Sun, Jul 31, 2016 - Page 16 News List

Weak GDP no obstacle to Fed rate hike

OPTIMISTIC:Dallas Fed President Rob Kaplan said that he would not overreact to one data point, but added that they were still hopeful for solid GDP growth this year

Bloomberg

US Federal Reserve Bank of San Francisco President John Williams played down a “low” reading on second-quarter US growth and said the economy could still warrant as many as two interest-rate increases this year — or none.

“There’s definitely a data stream that could come through in the next couple of months that I think would be supportive of two rate increases,” Williams told reporters on Friday after speaking in Cambridge, Massachusetts. “There’s data that we could get that wouldn’t be supportive of that — it could be one, maybe, or none. Time will tell.”

The US Department of Commerce on earlier Friday reported that the economy expanded at a 1.2 percent annualized pace, less than half the advance projected by economists in a Bloomberg survey.

Dallas Fed President Rob Kaplan, who also spoke on Friday, echoed Williams’ wait-and-see attitude, saying that he would not “overreact to one data point,” particularly because the report showed consumer spending continued to be strong.

“We’re still hopeful for solid GDP growth this year, and the basis for that is the consumer,” Kaplan told reporters at an event in Albuquerque, New Mexico.

The pair were the first Fed officials to speak publicly since policymakers held interest rates steady on Wednesday for the fifth straight meeting.

The Fed was slightly more upbeat about the US economy in a statement released after its two-day gathering, taking a step toward an increase later this year without signaling how soon a move might come.
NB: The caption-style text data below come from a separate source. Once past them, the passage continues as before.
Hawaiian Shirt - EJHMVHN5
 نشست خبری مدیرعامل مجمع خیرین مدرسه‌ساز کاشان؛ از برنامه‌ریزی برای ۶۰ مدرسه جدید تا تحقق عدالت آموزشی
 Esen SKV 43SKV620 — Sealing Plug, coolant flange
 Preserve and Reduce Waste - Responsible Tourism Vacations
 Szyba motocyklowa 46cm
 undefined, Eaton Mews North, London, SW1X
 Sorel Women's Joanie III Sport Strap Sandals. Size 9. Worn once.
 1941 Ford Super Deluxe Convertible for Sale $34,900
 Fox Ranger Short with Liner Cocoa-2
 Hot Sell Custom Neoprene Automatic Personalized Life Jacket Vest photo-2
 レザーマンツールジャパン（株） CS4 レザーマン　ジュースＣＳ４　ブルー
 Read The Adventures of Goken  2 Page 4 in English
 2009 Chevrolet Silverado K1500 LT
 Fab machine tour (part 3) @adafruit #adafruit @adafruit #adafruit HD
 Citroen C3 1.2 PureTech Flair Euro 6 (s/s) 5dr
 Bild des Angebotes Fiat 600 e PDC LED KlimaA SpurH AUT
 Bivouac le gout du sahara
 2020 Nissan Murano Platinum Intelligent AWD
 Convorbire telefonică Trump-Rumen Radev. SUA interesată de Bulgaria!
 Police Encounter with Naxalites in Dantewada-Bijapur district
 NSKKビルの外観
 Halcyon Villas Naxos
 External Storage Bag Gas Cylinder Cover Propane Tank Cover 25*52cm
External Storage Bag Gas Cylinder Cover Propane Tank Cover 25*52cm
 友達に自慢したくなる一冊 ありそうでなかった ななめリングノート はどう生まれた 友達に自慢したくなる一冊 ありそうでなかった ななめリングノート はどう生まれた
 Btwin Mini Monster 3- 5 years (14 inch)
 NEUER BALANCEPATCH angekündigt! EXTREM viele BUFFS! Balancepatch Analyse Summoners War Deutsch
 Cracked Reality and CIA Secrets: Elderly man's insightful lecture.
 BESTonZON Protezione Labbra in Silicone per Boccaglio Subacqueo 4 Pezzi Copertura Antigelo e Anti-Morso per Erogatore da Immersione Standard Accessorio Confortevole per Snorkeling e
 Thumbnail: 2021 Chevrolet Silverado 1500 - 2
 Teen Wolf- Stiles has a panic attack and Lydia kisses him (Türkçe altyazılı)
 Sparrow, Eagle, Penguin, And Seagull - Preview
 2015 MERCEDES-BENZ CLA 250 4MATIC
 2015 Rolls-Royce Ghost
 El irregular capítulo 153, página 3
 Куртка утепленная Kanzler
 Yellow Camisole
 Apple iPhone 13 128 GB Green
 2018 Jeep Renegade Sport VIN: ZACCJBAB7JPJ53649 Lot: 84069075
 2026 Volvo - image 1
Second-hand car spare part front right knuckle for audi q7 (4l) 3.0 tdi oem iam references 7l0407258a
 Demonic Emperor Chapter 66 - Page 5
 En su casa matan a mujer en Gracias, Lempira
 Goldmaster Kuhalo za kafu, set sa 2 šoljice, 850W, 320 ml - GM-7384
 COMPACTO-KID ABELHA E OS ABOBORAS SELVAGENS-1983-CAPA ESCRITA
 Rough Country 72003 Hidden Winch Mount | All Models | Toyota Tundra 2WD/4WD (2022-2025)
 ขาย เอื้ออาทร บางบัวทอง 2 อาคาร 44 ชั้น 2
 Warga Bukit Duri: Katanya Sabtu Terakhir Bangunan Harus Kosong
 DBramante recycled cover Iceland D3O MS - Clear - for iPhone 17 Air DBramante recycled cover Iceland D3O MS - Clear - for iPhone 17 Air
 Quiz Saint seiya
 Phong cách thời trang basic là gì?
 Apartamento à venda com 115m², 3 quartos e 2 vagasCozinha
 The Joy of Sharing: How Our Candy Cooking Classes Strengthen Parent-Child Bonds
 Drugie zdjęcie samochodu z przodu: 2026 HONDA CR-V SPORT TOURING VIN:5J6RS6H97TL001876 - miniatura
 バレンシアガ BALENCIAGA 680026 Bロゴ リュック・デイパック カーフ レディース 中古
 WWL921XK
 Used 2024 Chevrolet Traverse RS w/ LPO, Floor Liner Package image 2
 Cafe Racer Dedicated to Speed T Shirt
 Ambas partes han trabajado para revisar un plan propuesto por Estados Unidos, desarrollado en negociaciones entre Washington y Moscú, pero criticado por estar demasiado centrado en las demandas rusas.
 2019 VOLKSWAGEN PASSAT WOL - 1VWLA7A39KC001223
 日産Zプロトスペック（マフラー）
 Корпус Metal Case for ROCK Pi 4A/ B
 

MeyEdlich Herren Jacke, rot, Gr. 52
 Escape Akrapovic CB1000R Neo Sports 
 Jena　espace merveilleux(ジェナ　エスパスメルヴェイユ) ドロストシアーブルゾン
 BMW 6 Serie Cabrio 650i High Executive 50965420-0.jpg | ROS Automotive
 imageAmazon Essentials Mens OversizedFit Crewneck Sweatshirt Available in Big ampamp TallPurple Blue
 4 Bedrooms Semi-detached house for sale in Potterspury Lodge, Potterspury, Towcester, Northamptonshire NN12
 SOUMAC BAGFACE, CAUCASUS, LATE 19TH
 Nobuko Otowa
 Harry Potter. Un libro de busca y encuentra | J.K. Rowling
Fed Chair Janet Yellen and her colleagues have been watching for evidence of how headwinds from abroad, including fallout over Britain’s decision to leave the EU, will affect US hiring and progress in lifting inflation toward their goal of 2 percent.

“The GDP number for the second quarter was low,” said Williams, who is not a voting member of the policy-setting Federal Open Market Committee (FOMC) this year. “Final sales actually looked pretty good,” though, and “a lot of the second-quarter weakness, part of it was really inventory swings.”

Williams also said inflation data were “more or less what I had been expecting,” while the effects on the US economy from the Brexit vote appeared to be “very modest.”

Kaplan, who does not vote on the FOMC until next year, said the Fed should be looking for opportunities to raise rates, “but you can’t force it.”

“What I’m looking for is continuing improvement and forward momentum in GDP,” he said. “A number like this makes you want to see more information.”

The US central bank has been on hold since it raised its target for the Fed funds rates by a quarter-point in December last year from 0.25 percent to 0.5 percent, ending seven years of near-zero rates.

Its most recent forecasts, released last month, showed that the median estimate of policy makers was for two more quarter-point rate increases this year, though six of the 17 officials submitting projections saw only one move.

“It makes sense to continue on the process of the gradual removal of accommodation — my personal view is it makes sense, assuming the data will support that, to raise rates again this year, but it is data-dependent,” Williams said. “We’ll get a couple more employment reports, more data on inflation before our next meeting.”

The FOMC next meets on Sept. 20 and Sept. 21.